L’analyse marxiste prévalait dans le syndicat, notamment dans sa majorité U&A : ce fut manifeste dans le dossier sur les femmes enseignantes de la fin 1968 . L’étude très solidement documentée de Françoise Regnaut était une nouveauté, malgré l’article et la motion pionnière de 1967 :
« Ce dossier, écrivait-elle, ne se propose pas de présenter l’enseignante comme une créature à part. Ce qui ne signifie pas pour autant que sa situation apparaîtra en tout point semblable à celle de son collègue masculin ». Les femmes-enseignantes étaient considérées avant tout comme des travailleuses intellectuelles, plus victimes du rapport de classes s’insinuant jusque dans la Fonction publique que du rapport des sexes .
Différence notable par rapport aux « féminismes de la différence » qui se développaient alors en Occident dans la foulée de 68 (ex. d Hélène Cixous, Luce Iragaray ou les collectifs italiens) et qui se concentraient sur la spécificité des femmes et faisaient de la distinction d’avec les hommes une question centrale.
Ce débat avait évidemment pris sa place dans le champ politique ; on a distingué des positions féministes radicales, socialistes, libérales dans tout le monde occidental… A gauche, où le vocabulaire marxiste était dominant, on a vu des femmes dire qu’elles constituaient une « classe opprimée » (American Redstockings). D’autres se sont inspirées des luttes anti-coloniales et anti-racistes et soutinrent que les femmes formaient une caste à part dont la condition était héritée et immuable. D’autres insistèrent sur l’altérité du sexe et du genre…

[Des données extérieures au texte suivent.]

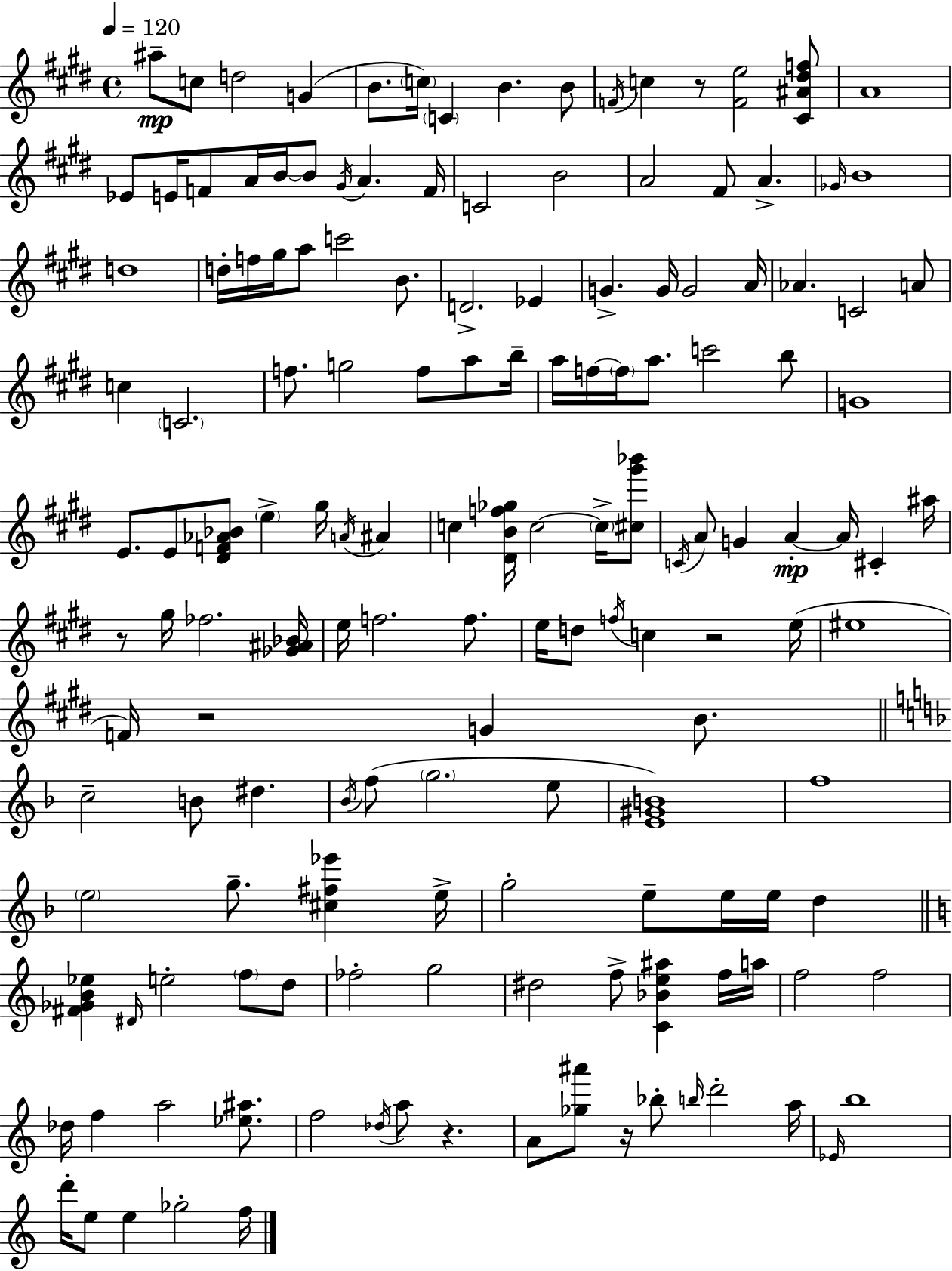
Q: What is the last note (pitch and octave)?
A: F5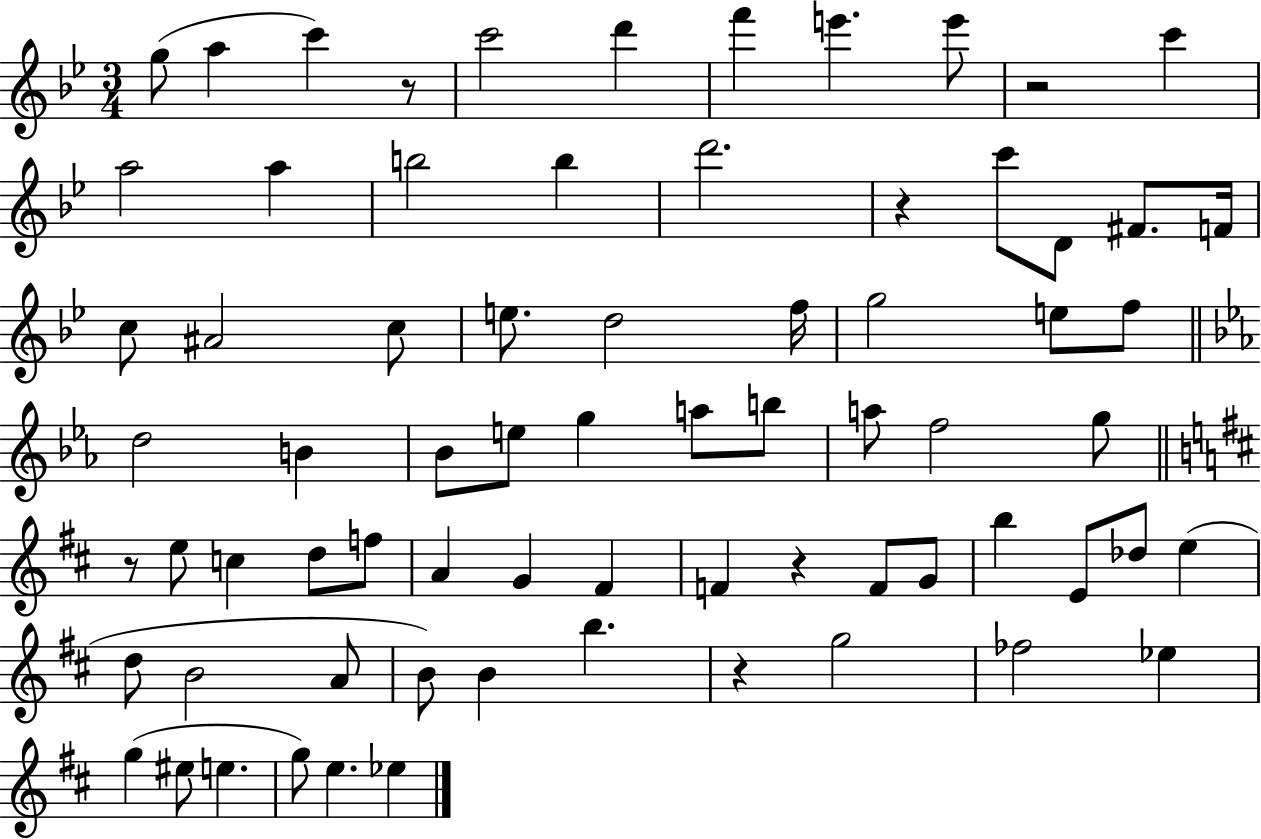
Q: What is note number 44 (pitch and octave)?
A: F#4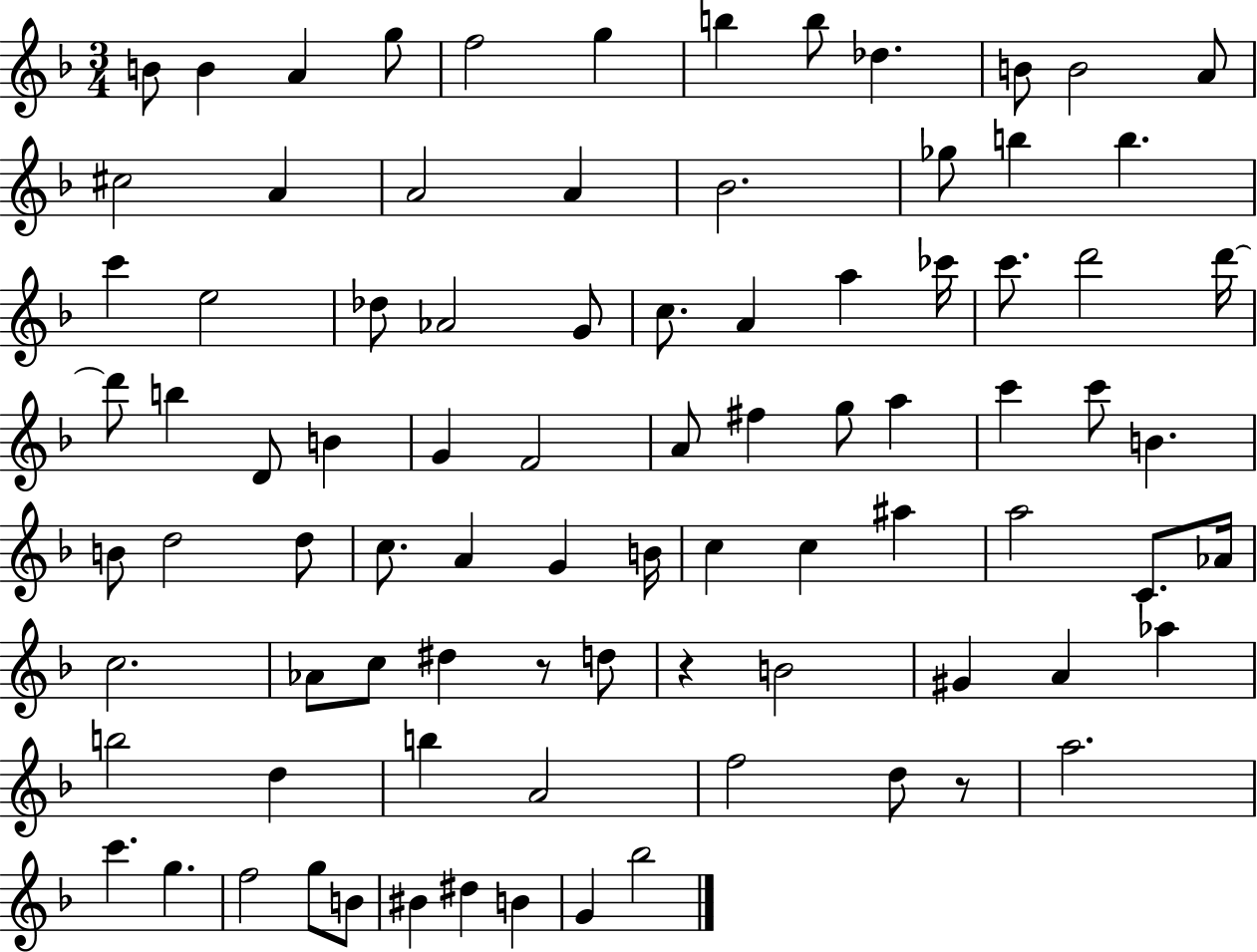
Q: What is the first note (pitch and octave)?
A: B4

Les positions du SNES se situaient à l’opposé de toutes ces approches et les combattaient même. Elles illustraient pourtant cette « continuelle tension entre le besoin de bâtir une identité féminine et celui de démolir la catégorie « femme » » , que nous évoquions plus haut.
F. Regnaut démontrait dans le dossier de 68 que contrairement à des « idées largement répandues », les femmes enseignantes n’étaient nullement des privilégiées, ne jouissaient pas des mêmes garanties, droits et possibilités que les hommes pour leur carrière, étaient handicapées par la difficulté à être à la fois au travail et mère de famille. Il fallait donc « tenir compte indissolublement des deux fonctions également sociales de la femme : le travail et la maternité », conférant « à la femme qui travaille des droits particuliers ». Suivait un rappel des revendications du SNES « inséparables de l’ensemble des questions sociales et familiales » et concernant « le plus souvent la totalité du personnel, hommes et femmes », avec trois revendications prioritaires particulières :
– l’allongement du congé de maternité à 16 semaines,
– la réversion de la retraite de la femme fonctionnaire, en cas de décès, sur son conjoint,
– la reconduction des mesures d’abaissement de l’âge de la retraite des femmes en raison du nombre de leurs enfants.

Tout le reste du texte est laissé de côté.